Economic consequences are measured using Property Damage (PROPDMG) and Crop Damage (CROPDMG). Since these values use letter codes (K, M, B) for scale, we convert them to numeric multipliers to calculate the total cost in dollars.

# Function to convert character codes to numeric multipliers
get_multiplier <- function(exp) {
    exp <- toupper(exp)
    if (exp == 'H') return(100)
    if (exp == 'K') return(1000)
    if (exp == 'M') return(1e+06)
    if (exp == 'B') return(1e+09)
    return(1)
}

# Apply multipliers to create total damage columns
stormData$PROP_MULT <- sapply(stormData$PROPDMGEXP, get_multiplier)
stormData$CROP_MULT <- sapply(stormData$CROPDMGEXP, get_multiplier)

economic_impact <- stormData %>%
    mutate(Total_Damage = (PROPDMG * PROP_MULT) + (CROPDMG * CROP_MULT)) %>%
    group_by(EVTYPE) %>%
    summarise(Grand_Total_Damage = sum(Total_Damage)) %>%
    arrange(desc(Grand_Total_Damage))

top_econ <- head(economic_impact, 10)

Results

1. Events Most Harmful to Population Health

To address the question of which events are most harmful to population health, we examined the combined total of fatalities and injuries. Based on the NOAA database, Tornadoes are the leading cause of health issues in the United States, followed by Excessive Heat and TSTM Wind.

library(ggplot2)
ggplot(top_health, aes(x = reorder(EVTYPE, -Total_Health), y = Total_Health)) +
    geom_bar(stat = "identity", fill = "firebrick") +
    theme(axis.text.x = element_text(angle = 45, hjust = 1)) +
    labs(title = "Top 10 Most Harmful Weather Events (1950-2011)",
         subtitle = "Calculated as the sum of Fatalities and Injuries",
         x = "Event Type",
         y = "Total Fatalities and Injuries")
Figure 1: Top 10 Weather Events Affecting Population Health

Figure 1: Top 10 Weather Events Affecting Population Health

As shown in Figure 1, the impact of Tornadoes on human life and safety significantly outweighs all other categories, making them the primary public health concern among severe weather events.
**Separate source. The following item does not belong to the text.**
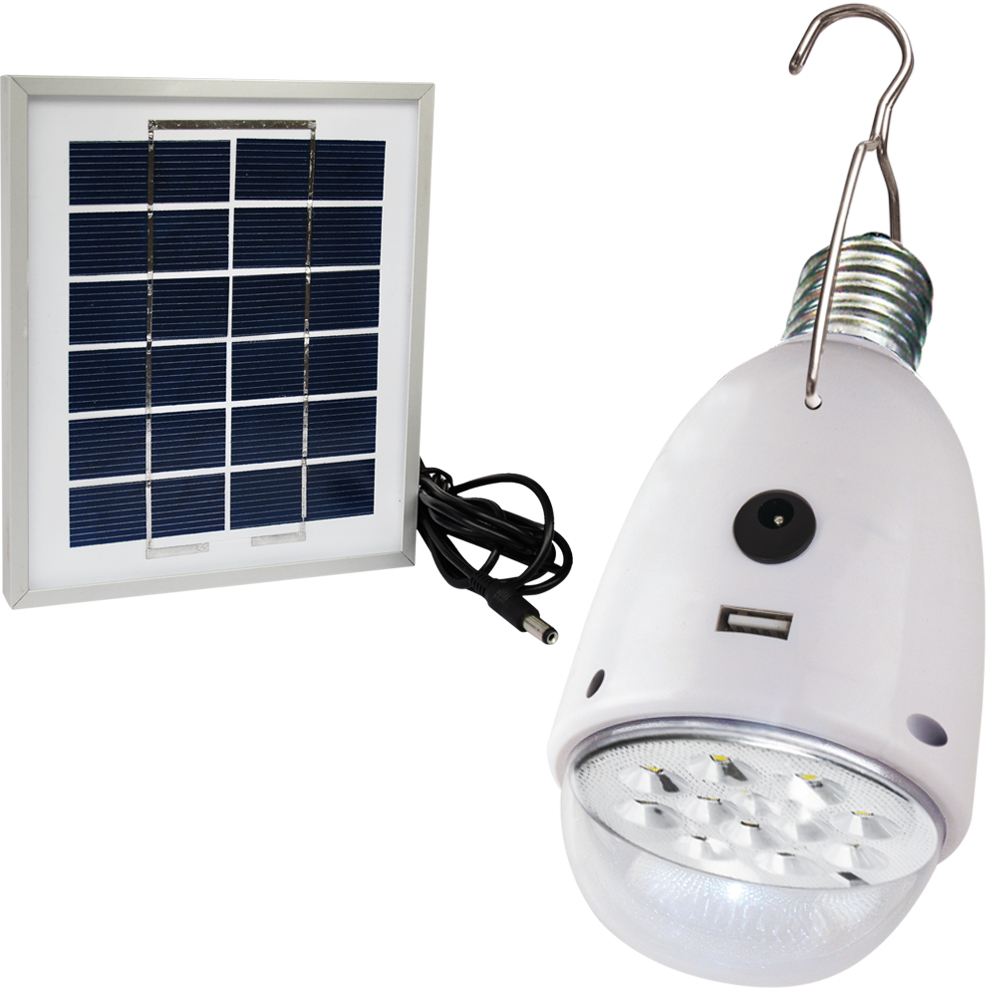 AC DC solar camping bulb light with switch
2. Events with Greatest Economic Consequences

To determine which events have the greatest economic impact, we analyzed the sum of property and crop damage. After normalizing the damage multipliers, we found that Floods cause the highest total economic loss.

ggplot(top_econ, aes(x = reorder(EVTYPE, -Grand_Total_Damage), y = Grand_Total_Damage / 1e+09)) +
    geom_bar(stat = "identity", fill = "steelblue") +
    theme(axis.text.x = element_text(angle = 45, hjust = 1)) +
    labs(title = "Top 10 Weather Events with Greatest Economic Impact",
         subtitle = "Total damage in Billions of USD (Property + Crops)",
         x = "Event Type",
         y = "Total Damage (Billions of USD)")

As illustrated in Figure 2, Floods are responsible for over $150 billion in damages, significantly higher than Hurricanes or Storm Surges. While Tornadoes are the most dangerous to people, Floods and tropical water systems are the most destructive to infrastructure and agriculture.